Hijo de Lola y Manuel, nací en 1994 siendo el menor de tres
hermanos. Vine al mundo y me crié en mi Granada, en un ambiente campesino y
humilde, donde la honradez en el trabajo de uno era lo más importante. No tuve
una educación privilegiada, ni llegué lejos académicamente, pero crecí con los
valores que pregonaban el sudor y la tierra. Suficiente para reconocer a un
corrupto cuando habla.
Mis padres fundaron un comedor social que se proveía de los
alimentos de la tierra junto a la libre aportación de cada ciudadano, aunque
evidentemente su funcionamiento dependía de una mínima ayuda anual por parte
del Estado. Mis dos hermanos mayores, Gabriel y Fernando, de los que me
separaban cinco y tres años, respectivamente, marcharon a estudiar a Madrid,
compaginando sus estudios de Derecho con un mísero trabajo que les ayudaba a
seguir tirando. Yo, por el contrario, decidí abandonar los estudios a los
catorce años y me dediqué a ayudar en el campo y, principalmente, en el comedor
junto a mis padres.
¿Por qué?
Desde 2008, el número de personas que frecuentaban el
comedor no hacía más que aumentar año tras año debido a la crisis económica.
Esto nos preocupaba profundamente, y cuando nos reuníamos toda la familia,
discutíamos sobre el asunto. Seguramente nuestras ideas no aparecerían jamás en
un periódico, pero nuestra conclusión siempre era la misma: el dinero no puede
desaparecer sin una buena razón, por lo que alguien debe de estar metiendo la
mano donde no debiera.
Y sin duda lo que más nos molestaba, era que quién la
pagaba, era la gente honesta, aquella que luchaba por el pan de cada día y
recibía menos de lo que su esfuerzo merecía. Y no lo decíamos por nosotros, no.
Claro que esto nos afectaba, pero la solidaridad que reinaba en mi familia nos
hacía seguir trabajando, aunque no sin sufrimiento.
Sin embargo, en el 2013 se produjeron una serie de hechos
transcendentales. De entre las numerosas medidas de recorte del gasto económico
del Estado, el Gobierno decidió acabar con las ayudas a los comedores sociales.

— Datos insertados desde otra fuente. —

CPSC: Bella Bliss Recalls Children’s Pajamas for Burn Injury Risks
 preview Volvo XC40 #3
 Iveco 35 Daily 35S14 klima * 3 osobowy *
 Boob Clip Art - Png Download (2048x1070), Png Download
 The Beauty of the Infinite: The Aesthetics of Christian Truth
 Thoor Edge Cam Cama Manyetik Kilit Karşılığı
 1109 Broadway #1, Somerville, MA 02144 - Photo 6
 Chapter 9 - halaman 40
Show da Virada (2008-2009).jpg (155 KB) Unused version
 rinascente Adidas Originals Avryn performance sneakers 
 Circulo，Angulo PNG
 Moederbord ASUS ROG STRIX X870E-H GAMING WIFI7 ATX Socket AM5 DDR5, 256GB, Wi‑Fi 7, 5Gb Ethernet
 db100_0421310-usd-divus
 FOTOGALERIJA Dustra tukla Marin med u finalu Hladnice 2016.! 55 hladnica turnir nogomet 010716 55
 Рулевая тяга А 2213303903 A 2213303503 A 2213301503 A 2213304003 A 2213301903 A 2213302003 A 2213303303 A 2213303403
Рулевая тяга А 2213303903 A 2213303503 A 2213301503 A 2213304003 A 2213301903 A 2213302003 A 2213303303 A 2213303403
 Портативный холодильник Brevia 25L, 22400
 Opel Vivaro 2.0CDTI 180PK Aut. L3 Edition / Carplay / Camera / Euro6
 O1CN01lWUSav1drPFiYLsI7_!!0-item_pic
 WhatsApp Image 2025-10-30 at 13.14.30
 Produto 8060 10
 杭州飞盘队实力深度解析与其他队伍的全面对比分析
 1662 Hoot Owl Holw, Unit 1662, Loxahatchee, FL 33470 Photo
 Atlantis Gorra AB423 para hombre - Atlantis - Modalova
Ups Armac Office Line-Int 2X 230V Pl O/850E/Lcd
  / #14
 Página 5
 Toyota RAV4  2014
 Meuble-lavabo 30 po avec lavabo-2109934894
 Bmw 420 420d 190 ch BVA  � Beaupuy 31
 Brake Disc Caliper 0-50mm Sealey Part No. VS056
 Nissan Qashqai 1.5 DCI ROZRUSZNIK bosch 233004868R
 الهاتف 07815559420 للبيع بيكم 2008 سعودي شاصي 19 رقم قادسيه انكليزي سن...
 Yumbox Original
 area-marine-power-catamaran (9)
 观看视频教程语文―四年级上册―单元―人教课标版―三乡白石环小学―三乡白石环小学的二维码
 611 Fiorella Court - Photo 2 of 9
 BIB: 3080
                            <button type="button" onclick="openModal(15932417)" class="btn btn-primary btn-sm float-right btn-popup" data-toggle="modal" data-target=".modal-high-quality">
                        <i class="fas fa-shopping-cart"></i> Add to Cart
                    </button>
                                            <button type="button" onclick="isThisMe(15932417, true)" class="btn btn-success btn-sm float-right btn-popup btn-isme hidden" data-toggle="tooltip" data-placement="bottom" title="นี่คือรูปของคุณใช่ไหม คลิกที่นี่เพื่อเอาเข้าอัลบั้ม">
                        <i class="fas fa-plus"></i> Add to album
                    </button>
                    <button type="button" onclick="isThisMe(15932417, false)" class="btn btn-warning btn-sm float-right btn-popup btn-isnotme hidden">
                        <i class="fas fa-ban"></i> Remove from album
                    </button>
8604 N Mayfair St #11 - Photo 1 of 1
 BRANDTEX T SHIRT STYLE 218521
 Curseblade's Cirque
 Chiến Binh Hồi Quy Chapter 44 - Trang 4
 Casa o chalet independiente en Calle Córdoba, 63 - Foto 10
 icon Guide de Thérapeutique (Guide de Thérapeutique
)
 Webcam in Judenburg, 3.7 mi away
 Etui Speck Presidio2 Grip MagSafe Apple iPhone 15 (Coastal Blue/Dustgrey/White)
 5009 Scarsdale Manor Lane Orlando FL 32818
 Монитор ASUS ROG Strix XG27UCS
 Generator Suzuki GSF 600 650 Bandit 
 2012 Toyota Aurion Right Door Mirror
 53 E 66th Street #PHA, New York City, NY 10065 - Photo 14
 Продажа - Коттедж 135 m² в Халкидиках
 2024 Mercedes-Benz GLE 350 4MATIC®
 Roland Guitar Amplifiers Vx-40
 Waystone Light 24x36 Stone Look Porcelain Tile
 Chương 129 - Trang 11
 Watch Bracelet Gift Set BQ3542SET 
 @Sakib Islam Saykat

Esto afectó a mucha gente que, pese a la heroica solidaridad ciudadana, empezó
a padecer un hambre que hizo perder la cabeza a mucha gente honrada
perteneciente a la clase media. La crisis consiguió su objetivo, hacer
desaparecer la clase intermedia.
Las calles hervían. Los enfrentamientos con los cuerpos del
Estado resultaban diarios. Los asaltos a comercios, también. Personas que no
eran delincuentes, comenzaron a delinquir. Por supervivencia. España fue
expulsada de la Eurozona. La constante aparición de personajes a favor de la
revolución contra los poderosos provocó que el Gobierno desapareciese. Los que
pudieron, huyeron. Los que no, fueron juzgados por el pueblo.
El 2015 fue un año de incertidumbre política. En el 2016, ya
no existía la política. Existía la revolución. Y allí estuve yo, en pleno
centro de Madrid, junto a mis padres y mis hermanos. Robábamos a los comercios
e instituciones más ricas, aplicando nuestra propia justicia. Se establecieron
enormes campamentos solidarios, pero seguía sin ser suficiente.
En octubre llegó Ernesto Correa. Respaldado por antiguos
militares y policías que se oponían a la revolución, tomó posesión del cargo de
Gobernador de las Fuerzas del Estado. Tanto el ejército como la policía se sometieron
a su autoridad, obedientes. Entonces la violencia más absoluta se descubrió.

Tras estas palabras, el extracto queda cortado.